Originalism is thus both empty and incoherent. But if we come to that conclusion, and admit that true originalism would have disastrous consequences, where does that leave us? Once we abandon what we might consider a kind of constitutional creationism and opt for an evolutionary approach to the Constitution -- the doctrine of the "living constitution" -- where are we morally and politically? How can we justify an evolving constitution? This is a question that has bothered a number of constitutional scholars (though probably very few ordinary citizens).

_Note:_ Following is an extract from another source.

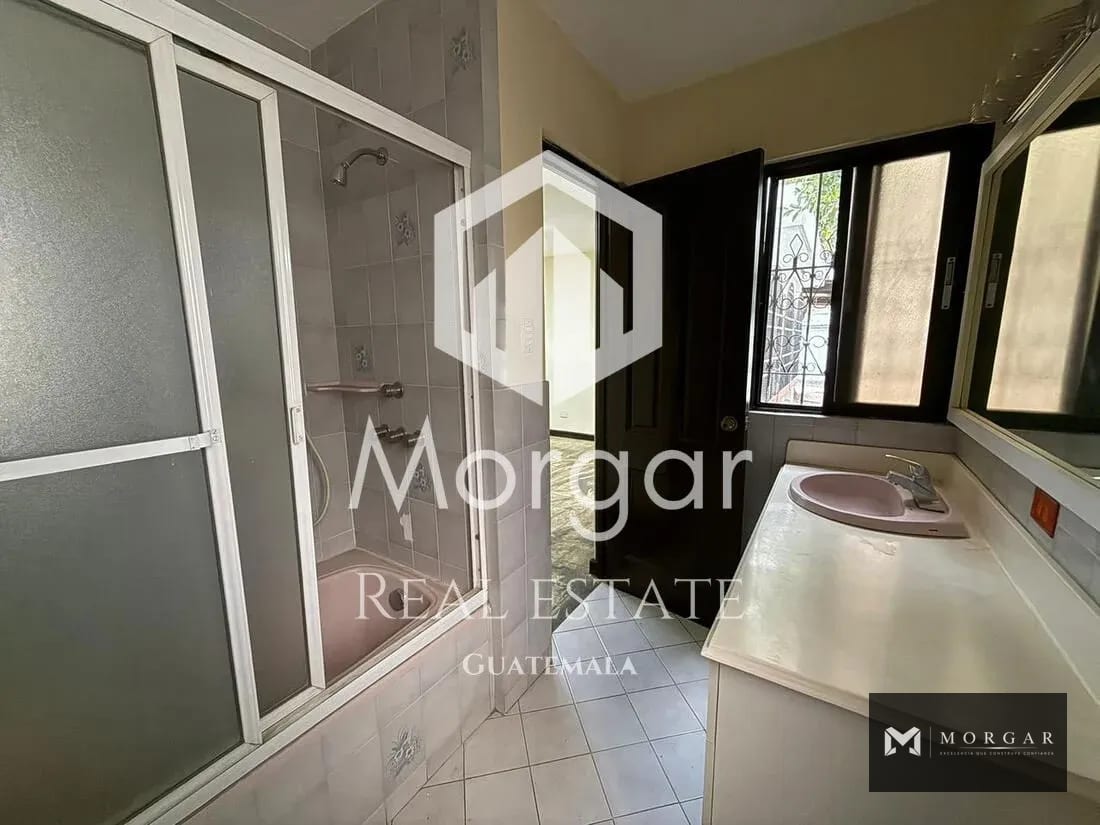 Casa para oficina o comercio en alquiler en Zona 10 de 1,562.44 Mts en $ 6,160 — Casa en Alquiler en Zona 10, Guatemala, Ciudad — foto 13 de 17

The problem, as some see it, is that the living constitution is undemocratic. The concept vests far too much power in the justices of the Supreme Court. As I said, nobody elected them; they serve for life, and nowadays they live a long time. If we have a "living constitution," doesn't this mean that the justices simply make up new rules as they go along? But no, not at all, according to Strauss. Constitutional law is far from the arbitrary will of the justices; rather, it is built up slowly and incrementally; it grows the way the common law has grown, inch by inch, case by case. Each generation builds on the "accumulated wisdom of previous generations." Constitutional law evolves, but not randomly or whimsically; it changes as society changes and never (or almost never) abruptly. Many, if not most, of the novelties that the Court reads into the Constitution have already become socially accepted or are shortly going to be. Its rulings on race and sex discrimination are perfect examples.

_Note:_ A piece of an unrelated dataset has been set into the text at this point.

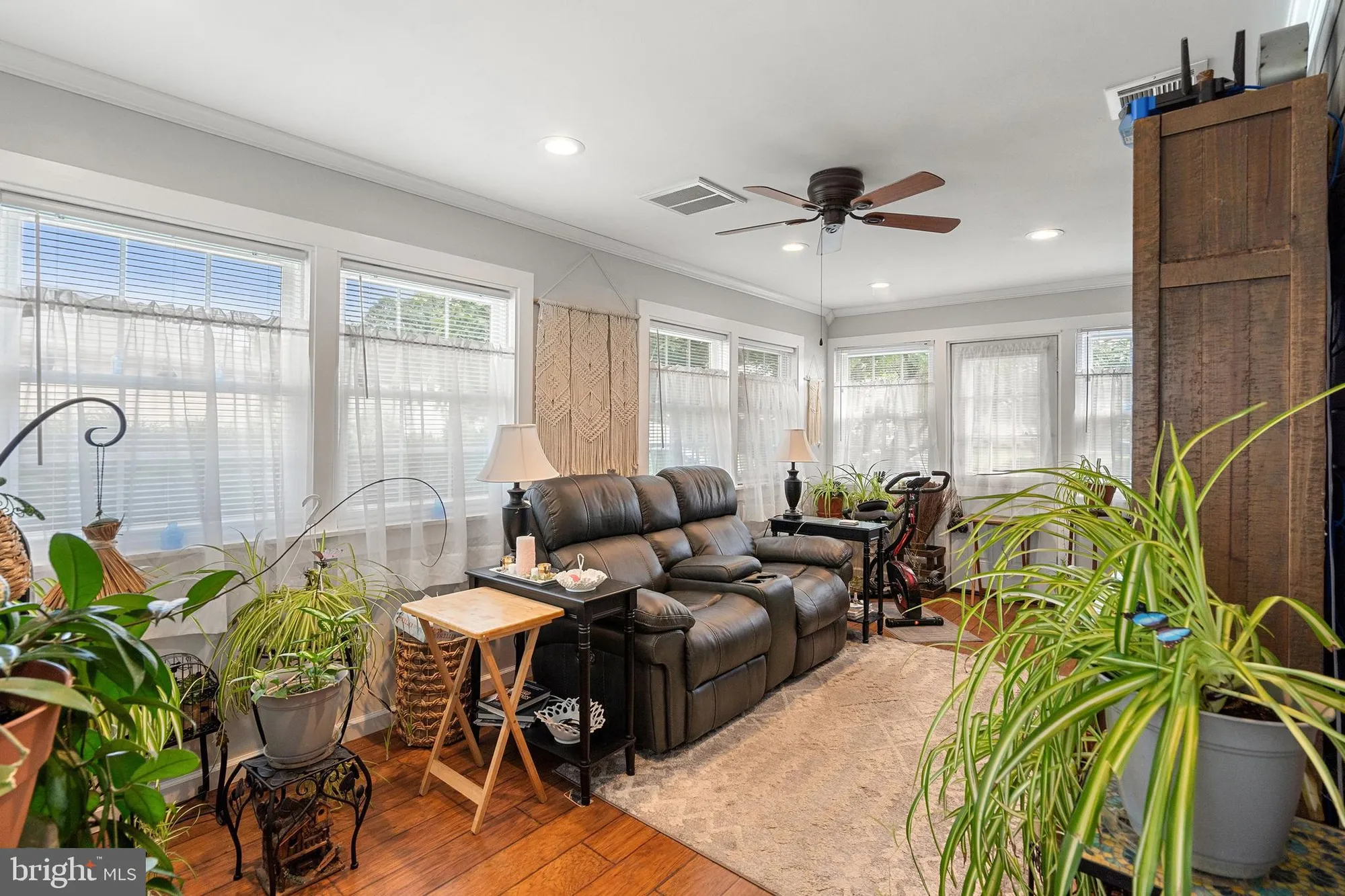 Property Slideshow image 7 of 53 | 32 saint paul pl, Manchester, NJ, 08759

This is the central thesis of Strauss' book -- and a politically fraught thesis it is. "Originalism" has become a code word for a right-wing reading of the Constitution. Nobody is really a thorough-going originalist (it is simply not possible). But the right wing demands "strict construction," insists on adherence to the original understanding, and continually denounces "liberal activist" judges. Such justices as Antonin Scalia and John Roberts are as activist as the liberals, if not more so. But this point is conveniently ignored. Right-wing insistence on "strict construction" has so bamboozled the public that no prospective justice can even hope to get Senate confirmation without mouthing pious platitudes about objectivity and adherence to a traditional canon that nobody in Congress (or the academy) really believes. And probably nobody on the bench, for that matter.

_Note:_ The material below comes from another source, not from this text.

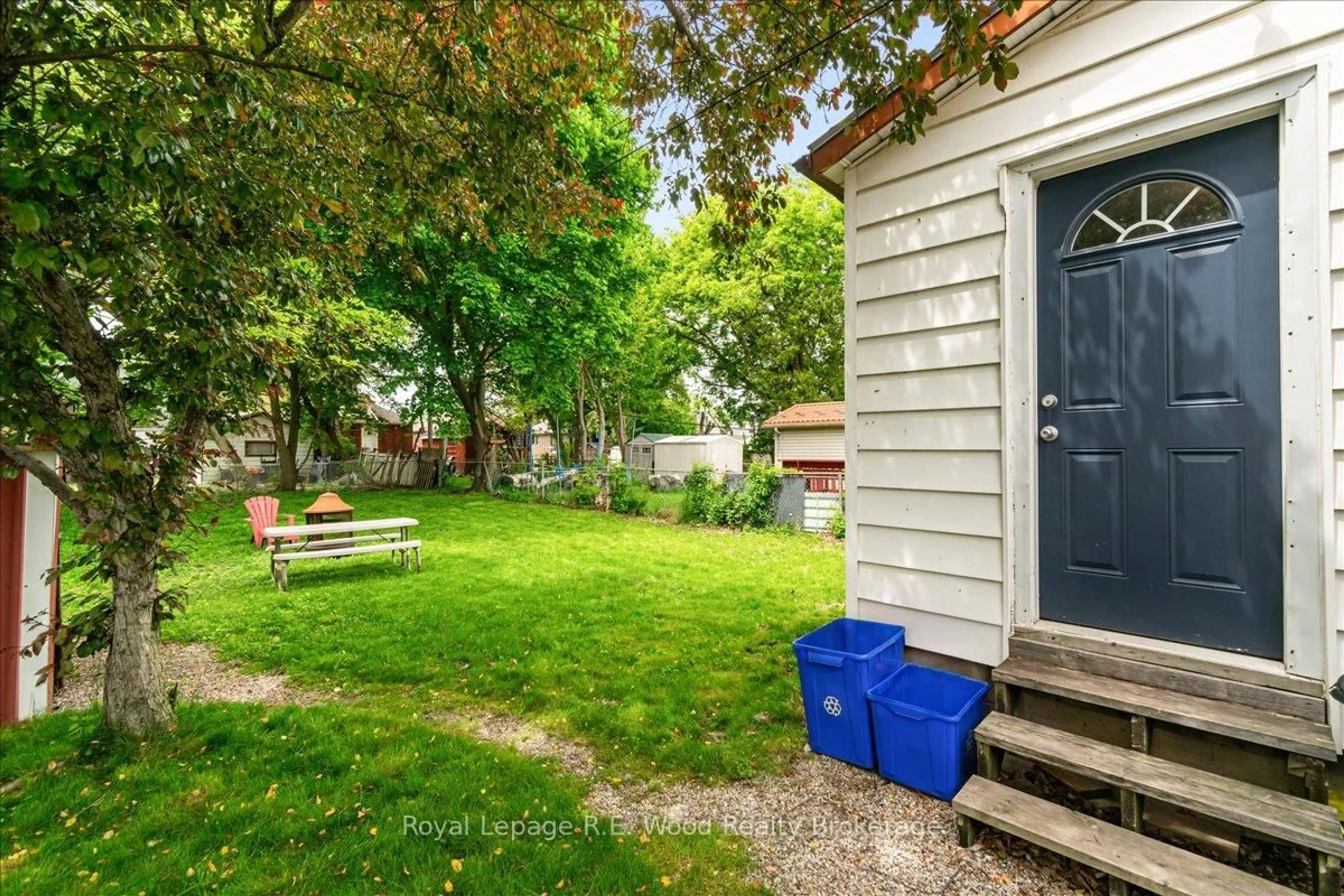 Patio, street for 65 JOSEPHINE St, London South Ontario N5Z 3P1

In fact, there is no practical alternative to the "common law constitution." The actual Constitution, the one under glass in the National Archives, is hard to amend and has rarely been amended -- formally at least. It is the Supreme Court that continually amends it and keeps the grand old thing up to date.

Strauss is a liberal, and his book is clearly meant to defend the Supreme Court and its works. Is his defense a shade too pat? In the late 19th century and well into the 20th, progressives decried (with good cause) the "activist" Court of that day for striking down social and labor legislation, while conservatives at that time proudly defended the justices for making bold decisions that warded off radicalism and reaffirmed the old economic values. Today's progressives, who otherwise embrace the living constitution, nonetheless become "originalists" when it suits them -- notably with regard to the meaning of the Second Amendment. After all, they say, the framers were talking only about state militias, not about the right of private citizens to make arsenals out of their homes, carry guns into Starbucks, and buy machine guns (which hadn't been invented yet). People tend to approve of an evolving constitution mainly when it evolves in the direction they want it to go. If a President John McCain had put two more Scalia clones on the Court, progressives would become desperately unhappy about the power and activism of the Court. And with good reason.

Strauss' book is not a historical treatment of the Supreme Court. True, it describes the work of the Court in evolutionary terms. But it leaves off telling the detailed story of how constitutional doctrine evolved against the backdrop of American history. Barry Friedman's The Will of the People does that job. It is a sizeable book, rich in details, and remarkably comprehensive, despite a few lapses and inaccuracies. Friedman's account of the long, slow struggle of the Court for acceptance and recognition reminds us that this was not at first a sure thing. The Court faced bitter criticism in the 19th century and sometimes outright defiance. Georgia, for example, simply ignored the Court when the justices tried to protect the rights of the Cherokees. But the Court slowly became an almost sacred institution, so that even such lapses as the Dred Scott case, such (apparently) unpopular holdings as the ban on school prayer, and such rancidly political decisions as Bush v. Gore have not impaired its position in the eyes of the public. Although people may hate this or that decision, they treat the Court as something holy, something untouchable.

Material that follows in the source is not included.